Ecclesiastical body in England

The Old Chapter was the body in effective control of the Roman Catholic Church in England from 1623 until an episcopal hierarchy was restored in 1850.

==Origin==

The origin of the body known as the Old Chapter, dates from 1623, when after a period of more than half a century during which there was no episcopal government in England, William Bishop was at length created vicar apostolic. He survived less than a year, but during this period he organized a form of Catholic ecclesiastical government, by means of archdeacons and rural deans, throughout the country. It continued in force with little change down to the re-establishment of the hierarchy.

An integral part of his scheme was the creation of a chapter consisting of twenty-four canons with John Colleton as dean. The ecclesiastical status of the chapter has been disputed. A chapter without a diocese is an anomaly, unknown in canon law, and Rome always refrained from any positive act of recognition. On the other hand, she equally refrained from any censure, although it was known that the chapter was claiming and exercising large functions. They therefore argued that the chapter existed sciente et tacente sede apostolica (with the knowledge and silent consent of the pope) and that this was sufficient to give it a canonical status. When Bishop died they sent a list of names from which his successor might be chosen, and the Holy See accepted their action choosing the first name, Richard Smith. Three years later he had to leave the country, and spent the rest of his life in Paris. After his death the chapter assumed the right to rule the country in the vacancy of the episcopal office, and for thirty years all faculties were issued by the dean who claimed the verbal approval of Pope Alexander VII.

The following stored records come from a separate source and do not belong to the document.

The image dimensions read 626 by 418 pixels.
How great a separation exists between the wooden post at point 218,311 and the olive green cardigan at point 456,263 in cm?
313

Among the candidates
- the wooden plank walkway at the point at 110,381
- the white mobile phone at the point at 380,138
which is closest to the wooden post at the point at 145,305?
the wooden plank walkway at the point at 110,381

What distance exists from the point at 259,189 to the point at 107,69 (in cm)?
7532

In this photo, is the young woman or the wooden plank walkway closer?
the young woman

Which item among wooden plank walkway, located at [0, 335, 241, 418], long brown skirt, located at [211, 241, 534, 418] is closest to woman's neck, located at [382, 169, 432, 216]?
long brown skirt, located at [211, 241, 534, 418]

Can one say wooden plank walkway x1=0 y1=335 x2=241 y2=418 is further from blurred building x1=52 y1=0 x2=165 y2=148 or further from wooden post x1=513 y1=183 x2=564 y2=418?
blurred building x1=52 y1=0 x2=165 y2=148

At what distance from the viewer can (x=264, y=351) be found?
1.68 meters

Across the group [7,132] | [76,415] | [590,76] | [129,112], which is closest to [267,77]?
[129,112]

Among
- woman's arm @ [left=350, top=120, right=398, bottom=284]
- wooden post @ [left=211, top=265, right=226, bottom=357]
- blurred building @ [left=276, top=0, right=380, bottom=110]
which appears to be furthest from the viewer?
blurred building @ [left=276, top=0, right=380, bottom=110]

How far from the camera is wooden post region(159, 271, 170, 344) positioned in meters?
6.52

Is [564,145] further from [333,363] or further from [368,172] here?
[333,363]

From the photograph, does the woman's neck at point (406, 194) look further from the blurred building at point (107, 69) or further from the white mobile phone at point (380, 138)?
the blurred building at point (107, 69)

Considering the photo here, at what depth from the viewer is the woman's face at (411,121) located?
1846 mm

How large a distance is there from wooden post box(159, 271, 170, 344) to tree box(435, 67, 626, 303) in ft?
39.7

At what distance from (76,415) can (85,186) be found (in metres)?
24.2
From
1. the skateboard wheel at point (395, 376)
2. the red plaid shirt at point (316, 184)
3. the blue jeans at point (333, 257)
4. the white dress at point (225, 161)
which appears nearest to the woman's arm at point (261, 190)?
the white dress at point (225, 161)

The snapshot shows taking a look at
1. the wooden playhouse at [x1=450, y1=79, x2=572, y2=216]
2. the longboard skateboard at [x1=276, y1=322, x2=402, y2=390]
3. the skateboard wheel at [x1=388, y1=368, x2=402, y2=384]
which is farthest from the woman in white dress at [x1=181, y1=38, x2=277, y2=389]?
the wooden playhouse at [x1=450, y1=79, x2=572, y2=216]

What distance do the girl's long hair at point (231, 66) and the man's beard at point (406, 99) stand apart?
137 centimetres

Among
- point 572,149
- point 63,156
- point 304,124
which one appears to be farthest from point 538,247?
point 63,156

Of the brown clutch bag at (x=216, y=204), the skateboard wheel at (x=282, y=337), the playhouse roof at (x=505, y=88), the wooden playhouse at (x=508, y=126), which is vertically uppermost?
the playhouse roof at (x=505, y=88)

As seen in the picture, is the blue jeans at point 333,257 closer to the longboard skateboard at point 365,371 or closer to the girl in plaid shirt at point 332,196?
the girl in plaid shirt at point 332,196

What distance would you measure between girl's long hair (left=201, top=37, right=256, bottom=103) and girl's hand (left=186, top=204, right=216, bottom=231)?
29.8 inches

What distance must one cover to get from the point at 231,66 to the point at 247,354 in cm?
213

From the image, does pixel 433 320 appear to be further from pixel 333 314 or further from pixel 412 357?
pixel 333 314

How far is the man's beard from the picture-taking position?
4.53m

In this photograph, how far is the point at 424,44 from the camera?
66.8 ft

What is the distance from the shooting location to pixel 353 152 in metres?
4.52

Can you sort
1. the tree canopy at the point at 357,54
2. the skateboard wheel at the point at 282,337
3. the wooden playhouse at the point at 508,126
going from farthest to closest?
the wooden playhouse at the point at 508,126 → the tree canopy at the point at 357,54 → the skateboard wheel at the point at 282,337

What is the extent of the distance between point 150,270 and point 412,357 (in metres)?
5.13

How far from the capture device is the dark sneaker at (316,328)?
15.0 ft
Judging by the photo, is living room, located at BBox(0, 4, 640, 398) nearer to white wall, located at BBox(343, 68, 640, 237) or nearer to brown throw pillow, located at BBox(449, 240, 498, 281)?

John Leyburn, Smith's former secretary, became the secretary for the Old Chapter.

==Later history==

When James II of England ascended the throne, and England was divided into four districts or vicariates, the position of the chapter became still more anomalous. Leyburn, the first vicar Apostolic of that reign, was required to take an oath not to recognize the chapter, and a decree was issued in general terms suspending all jurisdiction of chapters of regulars and seculars so long as there were vicars Apostolic in England. According to Bernard Ward, "The Chapter had, it appears, offended Rome by constantly refusing to receive a Vicar Apostolic and demanding an Ordinary." In practice, they submitted, and ceased to exercise any acts of jurisdiction; but they continued their existence. The vicars Apostolic themselves were usually members.

When the hierarchy was reestablished in 1850, a chapter was erected in each diocese, and whatever claims to jurisdiction the Old Chapter had, from that time ceased. Not wishing to dissolve, however, they reconstituted themselves as the "Old Brotherhood of the English Secular Clergy", the dean of the chapter becoming president of the brotherhood.